Pictures are to be left out; every line from the one with "Snapshot of dondematteo" through the end of the data must be transcribed exactly.
[Available data]
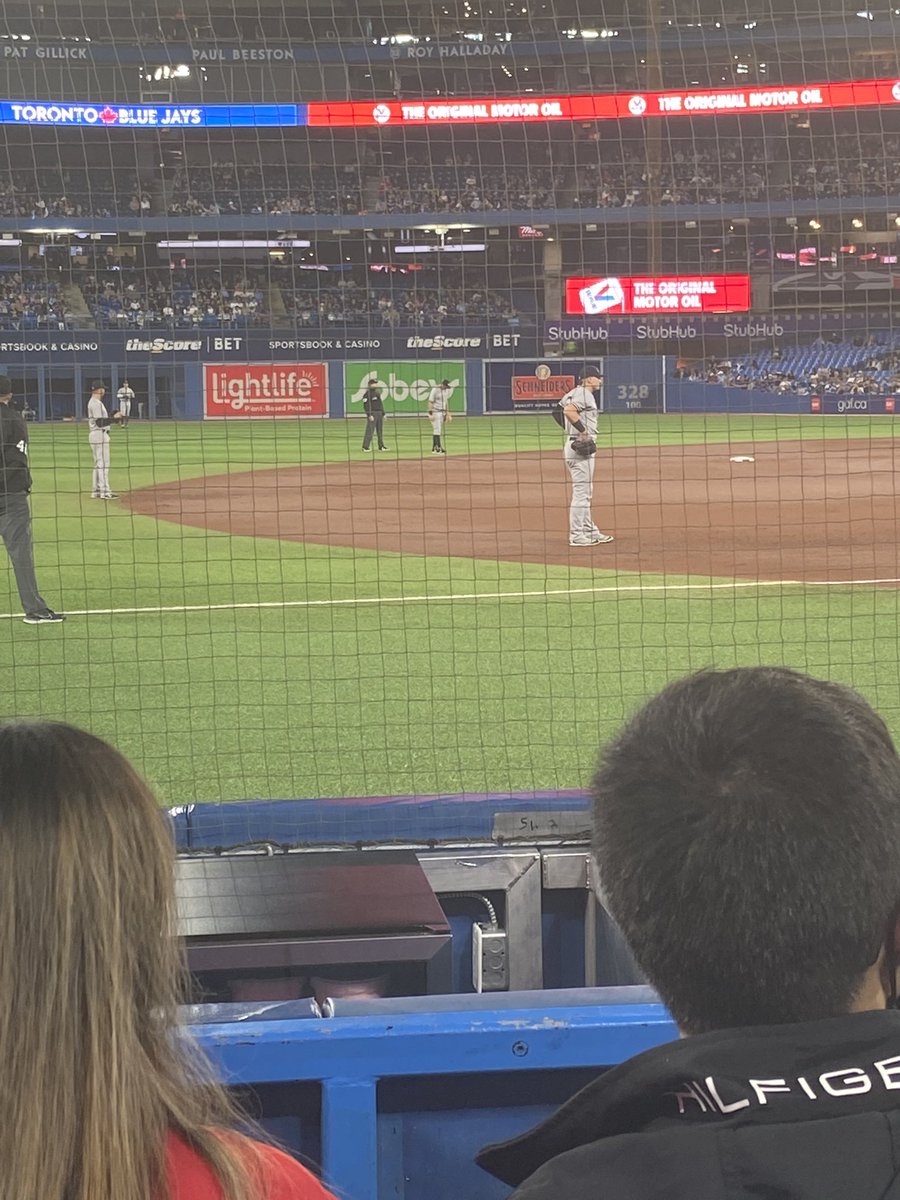 biggles14's tweet photo. Best views in baseball #JDsBackyard @BringerOfRain20 https://t.co/ctsnCSt4Ai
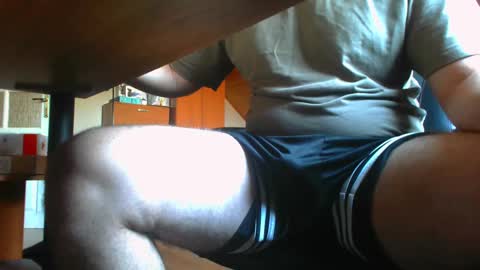 Snapshot of dondematteo chatting on 22, 2, 2025 TheCleaner online show from 22, 2, 2025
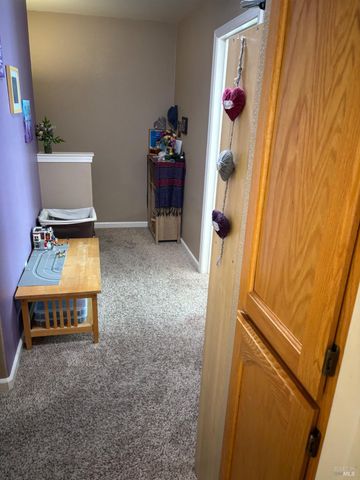 2322 Iroquois St, Santa Rosa, CA 95403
[/Available data]
Answer box:
 Snapshot of dondematteo chatting on 22, 2, 2025 TheCleaner online show from 22, 2, 2025
 2322 Iroquois St, Santa Rosa, CA 95403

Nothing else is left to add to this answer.